Il faut préciser à cet égard que le Hamas, au sein duquel Ismaïl Haniyé occupe la fonction de chef du bureau politique, s’inscrit dans la mouvance des Frères musulmans et se place donc dans le giron du Qatar et de la Turquie, alors qu’il est combattu par les autorités égyptiennes et par le régime syrien, qui ne lui a pas pardonné sa participation à la guerre en Syrie aux côtés des formations de l’opposition.

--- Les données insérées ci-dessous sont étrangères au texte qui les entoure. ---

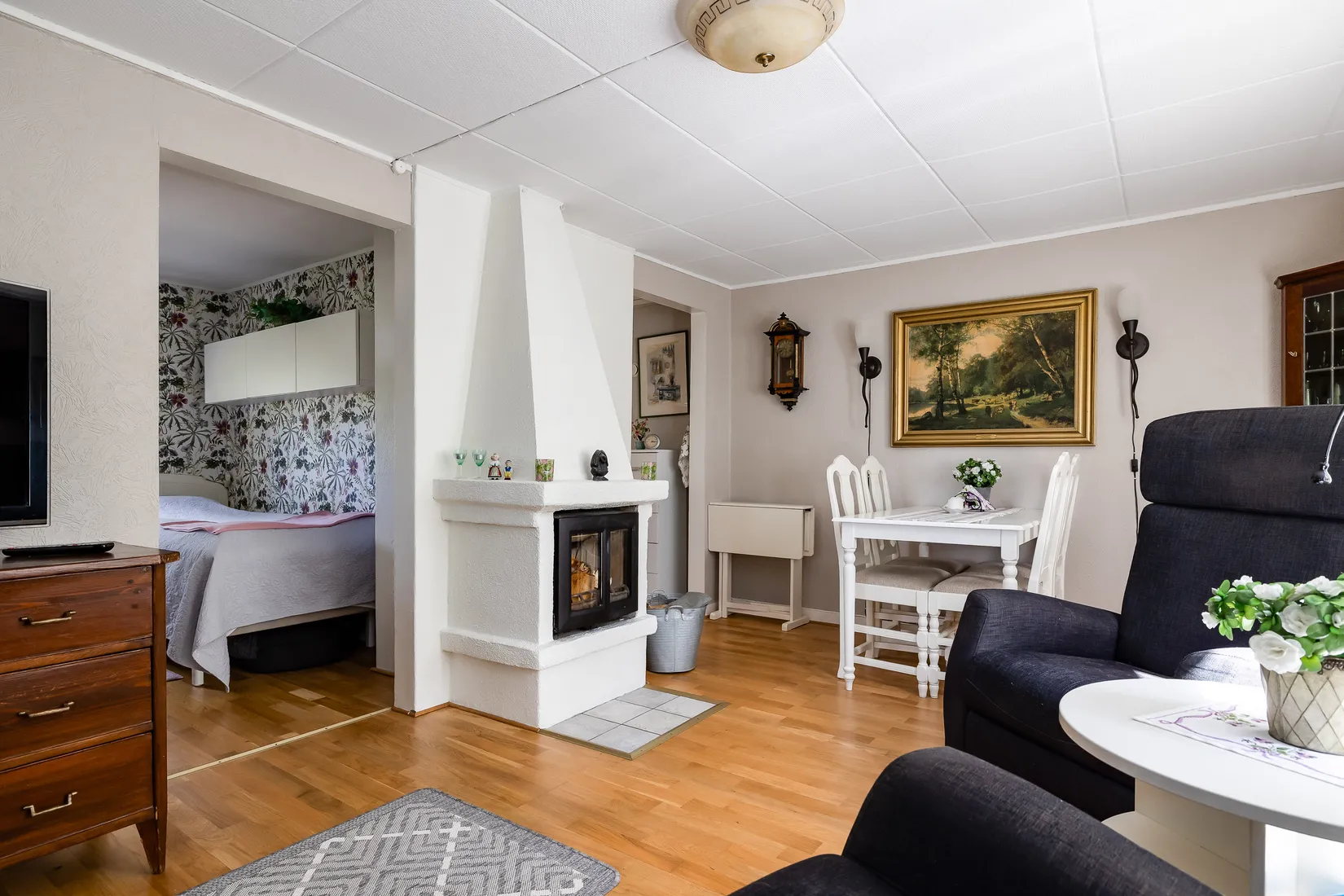 Fritidshus, Tjugesta bygata 22, Tjugesta, Örebro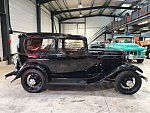 FORD USA TUDOR 32 TUDOR SEDAN Noir occasion - 49 500 €, 3 088 km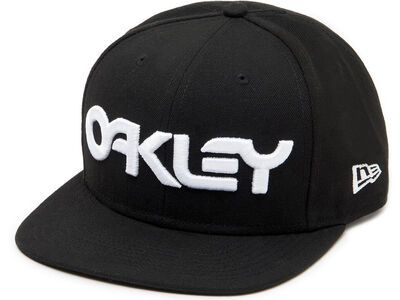 Oakley Mark II Novelty Snap Back, blackout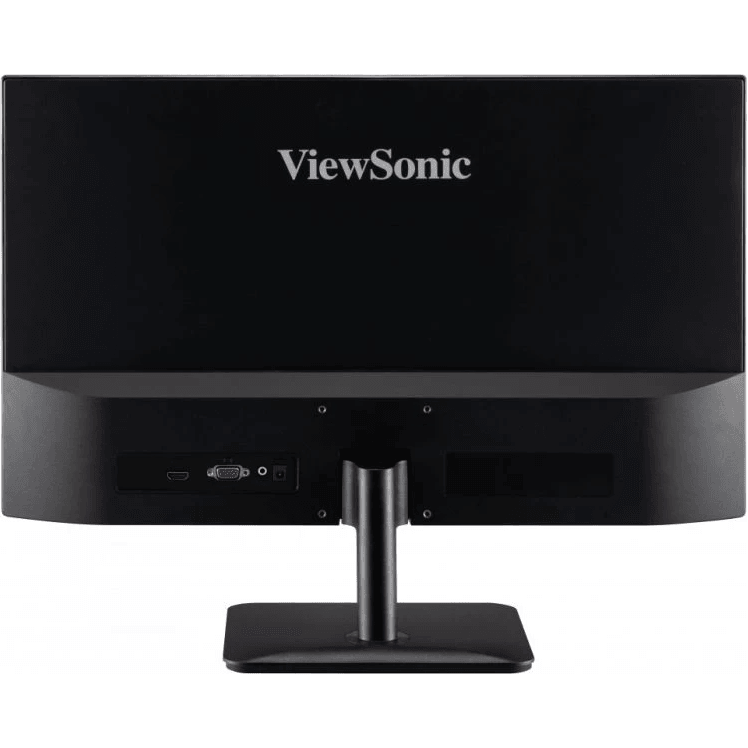 ViewSonic 24" Monitor SuperClear IPS FHD 1080P VA2432-MH VA2432-mh - SuperOffice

Depuis des années, le Hezbollah cherche en effet à réconcilier le Hamas avec Damas, d’abord pour maintenir le cap sur la Palestine et ensuite pour pouvoir ramener le Hamas dans la mouvance iranienne et mettre ainsi en échec toutes les tentatives de créer une discorde entre sunnites et chiites. Celle-ci serait en effet fatale à la résistance palestinienne et détruirait toute la thèse iranienne de défense des droits des Palestiniens.
La visite d’Ismaïl Haniyé à Beyrouth est donc le signe que les efforts du Hezbollah ont été couronnés de succès.

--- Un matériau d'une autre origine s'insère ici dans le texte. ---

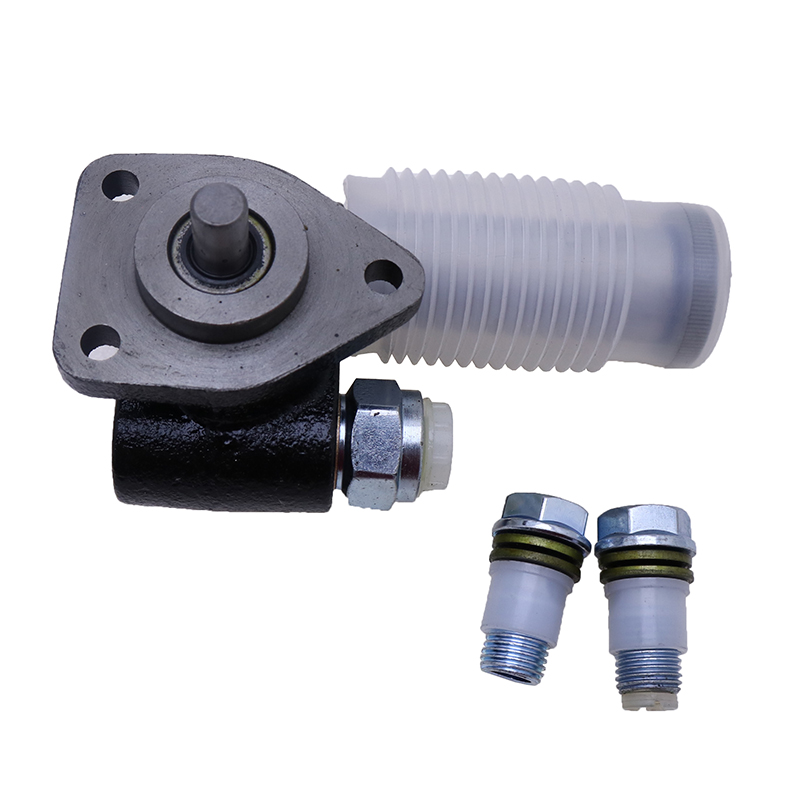 Perfekt für Yanmar Motor 4TNE98 - Fuel Feed Pumpe 129900-52010 12990052010 9 441 610 268 9441610268 4TNE98-G1A 4TNE98-TBA 4TNE98-TBZ 4TNE98-G1A 4TNE98-SA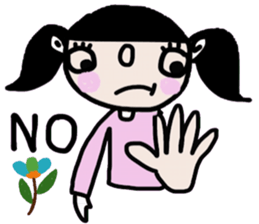 Sodsai in January (TH) sticker #14584835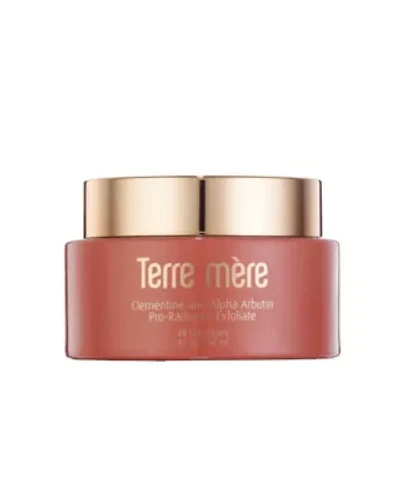 Clementine and Alpha Arbutin Pro-Radiance Exfoliate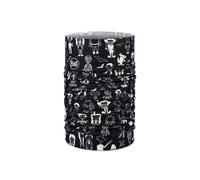 BUFF Kids Original Ecostretch - Niño - Negro - talla única- modelo 2025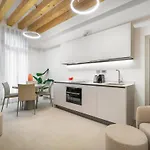 Apartamento Palazzo Degli Eletti R&r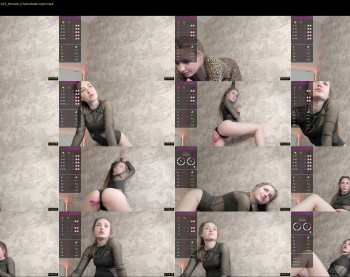 _taylor_swift — 40 minute Chaturbate female cam show recording, 1080p, Jul 1, 2020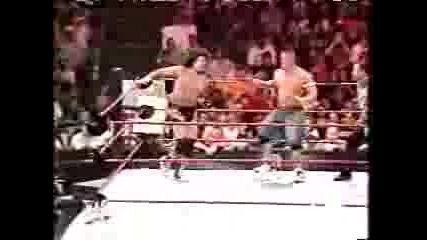 Wwe John Cena Vs Carlito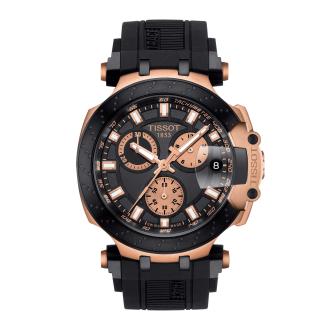 T-Race Chronograph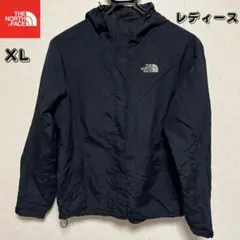 ノースフェイス XLブラックマウンテンジャケットTHE NORTH FACE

Elle a ainsi permis d’afficher une certaine unité musulmane dans le but de renforcer la résistance contre Israël.
Mais en même temps, elle donne des indices concrets sur une nouvelle alliance régionale qui se profilerait à l’horizon, entre l’Iran d’une part et la Turquie de l’autre.
Ces deux grands pays à l’échelle de la région, qui alternent depuis des années les conflits et les trêves, se dirigent actuellement vers une coopération plus étroite sur plusieurs dossiers. Il est vrai que le Hamas, qui est donc proche des Frères musulmans et de la tendance islamique turque et qatarie, a depuis quelque temps rétabli les ponts avec l’Iran, mais cette fois, les réunions qu’Ismaïl Haniyé a eues au Liban avec les différentes factions palestiniennes, ainsi qu’avec certaines parties libanaises, montrent que les relations entre les deux pôles régionaux sont plus stables.

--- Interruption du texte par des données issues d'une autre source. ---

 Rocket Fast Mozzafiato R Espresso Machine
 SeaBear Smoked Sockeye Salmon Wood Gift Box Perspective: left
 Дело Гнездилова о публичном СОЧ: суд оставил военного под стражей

Ce qui lui a permis d’être plus à l’aise dans ses prises de position. Pour le Hezbollah, c’est donc une visite de la plus haute importance.
Indépendamment des considérations régionales et du rapprochement turco-iranien qui ne peut que servir ses intérêts, la visite du leader du Hamas et sa tournée dans plusieurs camps palestiniens renforcent la position du Hezbollah en permettant de neutraliser d’éventuels projets de discorde entre sunnites et chiites qui pointaient au Liban, notamment avec les incidents à Khaldé.
En se positionnant en leader des camps, où le Hamas a une influence considérable, Ismaïl Haniyé a remis le cap sur la Palestine, tout en poussant les Palestiniens à ne pas se laisser entraîner dans des conflits qui ne peuvent qu’être destructeurs.
C’est important pour le parti chiite, et pour le Liban en général, puisque les camps palestiniens sont parfois considérés comme des lieux favorables à l’extrémisme sunnite et peuvent abriter ce qu’on appelle « des cellules dormantes ».
Dans toutes les enquêtes menées par les services libanais avec les jihadistes, il y avait le plus souvent un lien avec un camp palestinien, en particulier celui de Aïn el-Héloué où Ismaïl Haniyé a été accueilli en grande pompe.
Ensuite, sur un plan purement libanais, le responsable palestinien, avec la tendance islamiste qu’il représente, a un lien particulier avec la Jamaa Islamiya, qui constitue en quelque sorte la version libanaise des Frères musulmans. Or, la Jamaa a une influence certaine dans les milieux sunnites, notamment à Tripoli et à Saïda.
En cette période particulièrement délicate au Liban et dans la région, il est important pour le Hezbollah de nouer des liens solides avec les différentes formations sunnites, dont la Jamaa, pour désamorcer toutes les possibilités de tensions communautaires.
Dans ce contexte, la visite d’Ismaïl Haniyé au Liban a donc constitué un succès pour le Hezbollah, en représentant un frein aux projets de discorde entre sunnites et chiites.